◆ INSTRUCTIONS TO FOLLOW: Pictures are to be left out; every line from the one with "Rolling valley meadows" through the end of the data must be transcribed exactly.

◆ INPUT DATA:
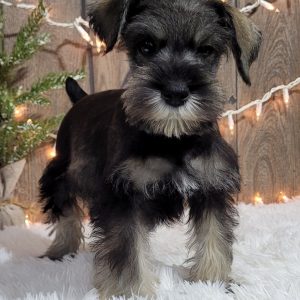 Beautiful Miniature Schnauzer – Eleanor - Image 20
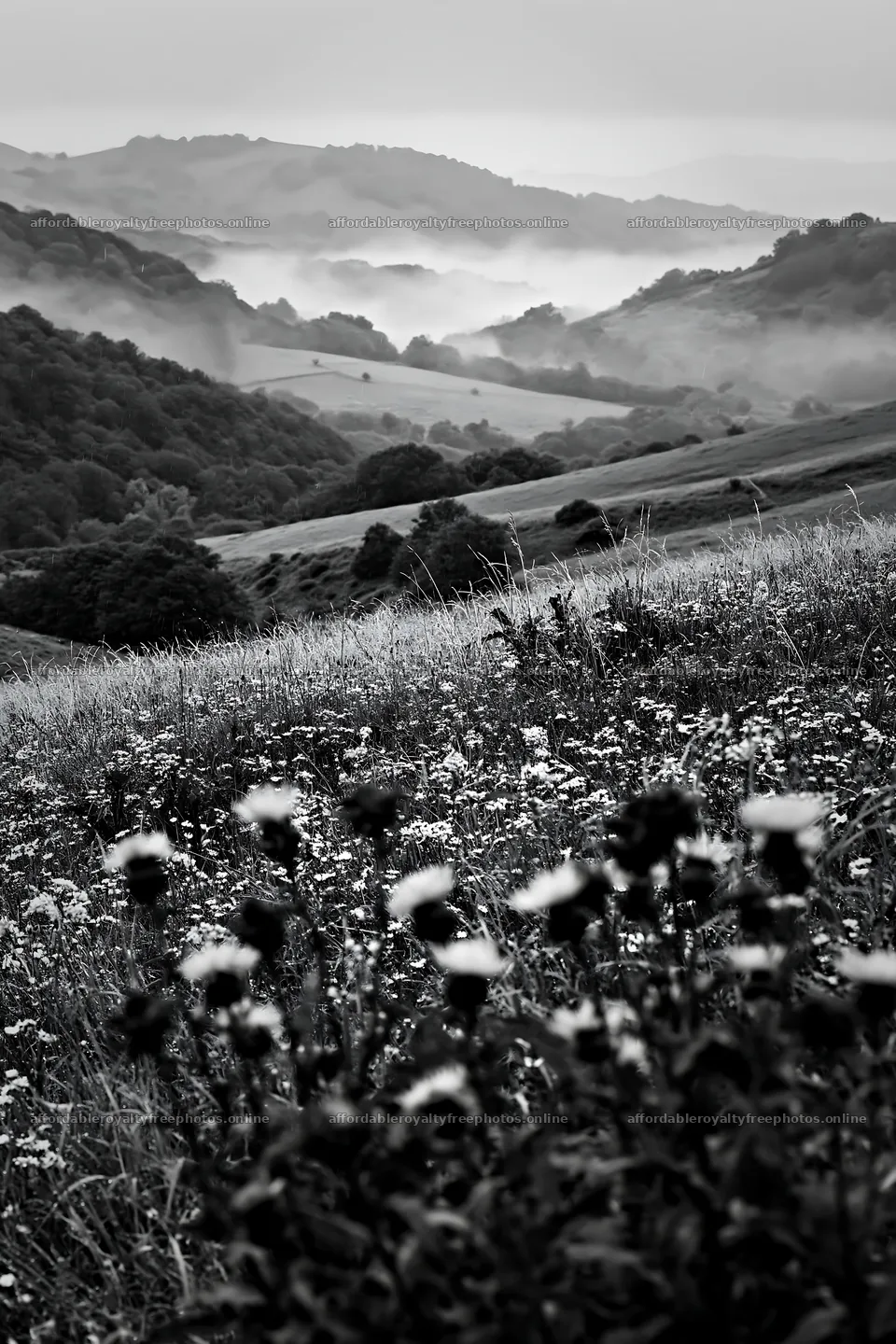 Rolling valley meadows with flowers in foreground – royalty-free photos 6480x9722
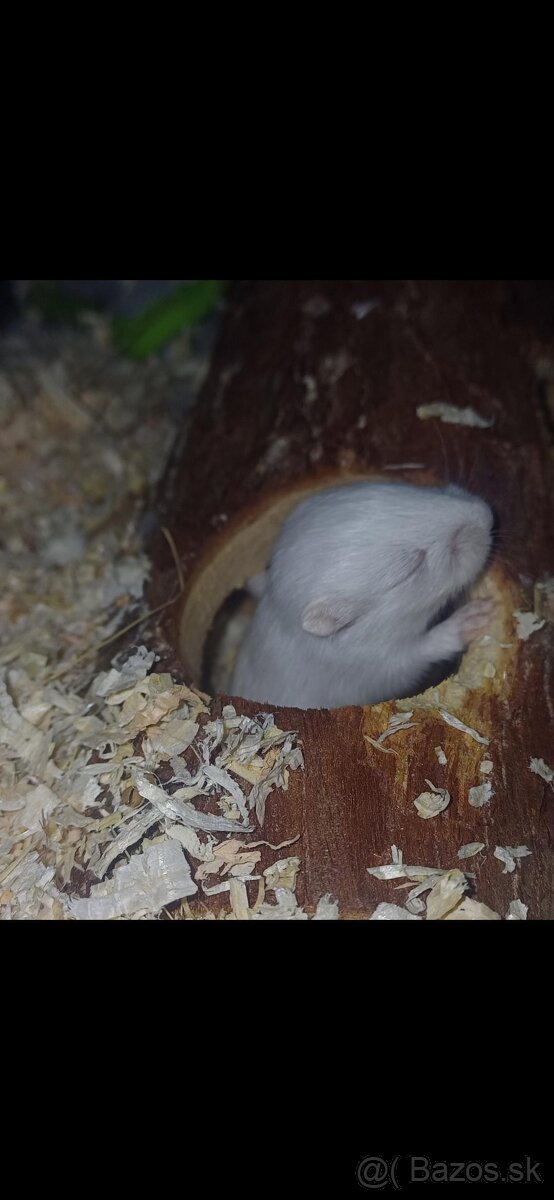 Predám pieskomilov + celé príslušenstvo - 3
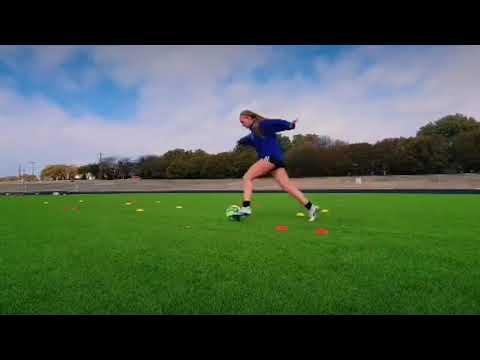 Video of Skills Session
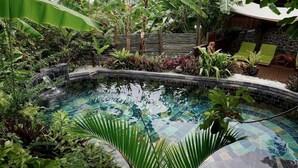 Ein Pool, umgeben von üppiger Vegetation und einer Holzterrasse mit Liegestühlen.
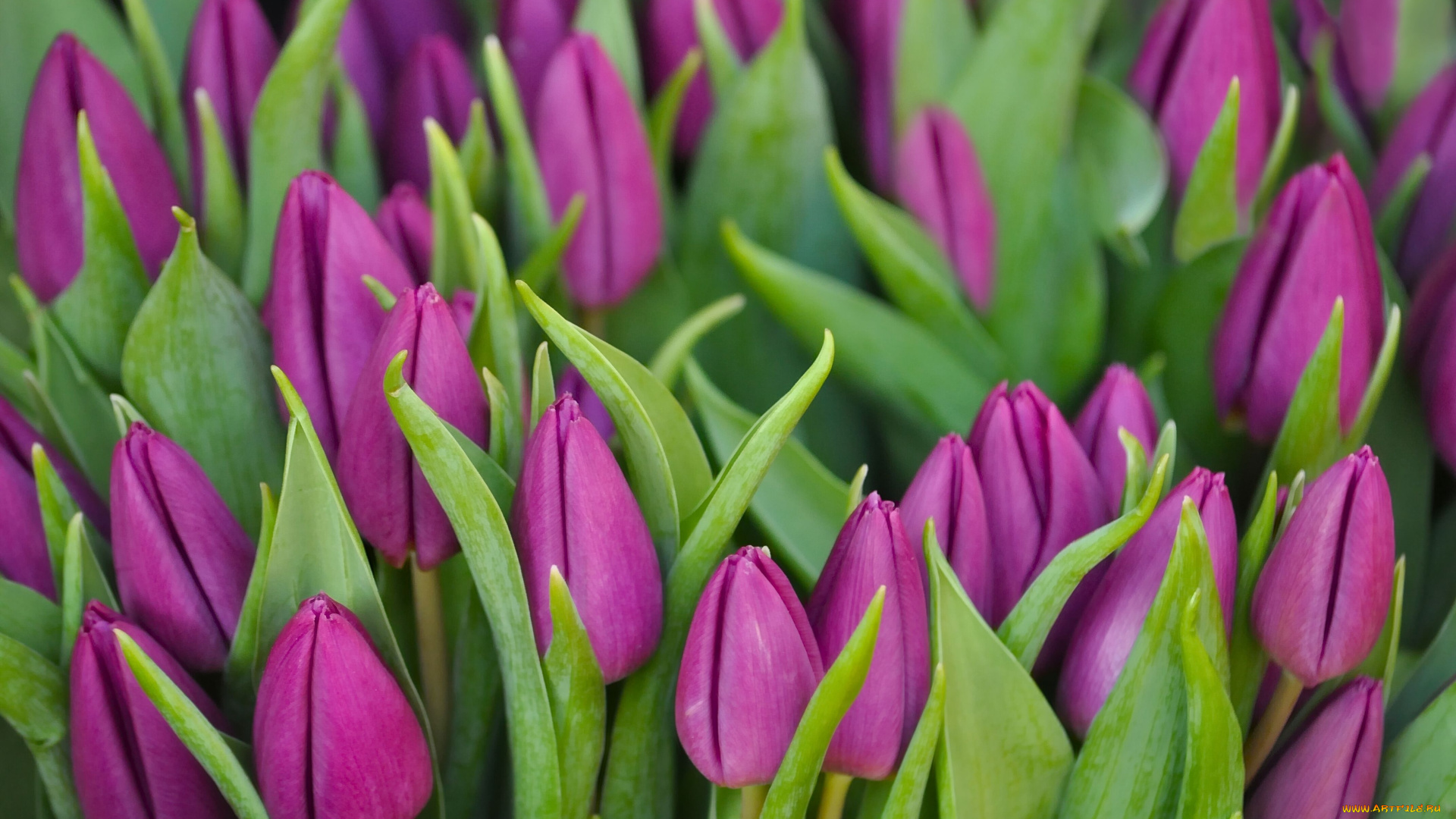 цветы, тюльпаны, бутоны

◆ SOLVED EXERCISE:
 Rolling valley meadows with flowers in foreground – royalty-free photos 6480x9722
 Predám pieskomilov + celé príslušenstvo - 3
 Video of Skills Session
 Ein Pool, umgeben von üppiger Vegetation und einer Holzterrasse mit Liegestühlen.
 цветы, тюльпаны, бутоны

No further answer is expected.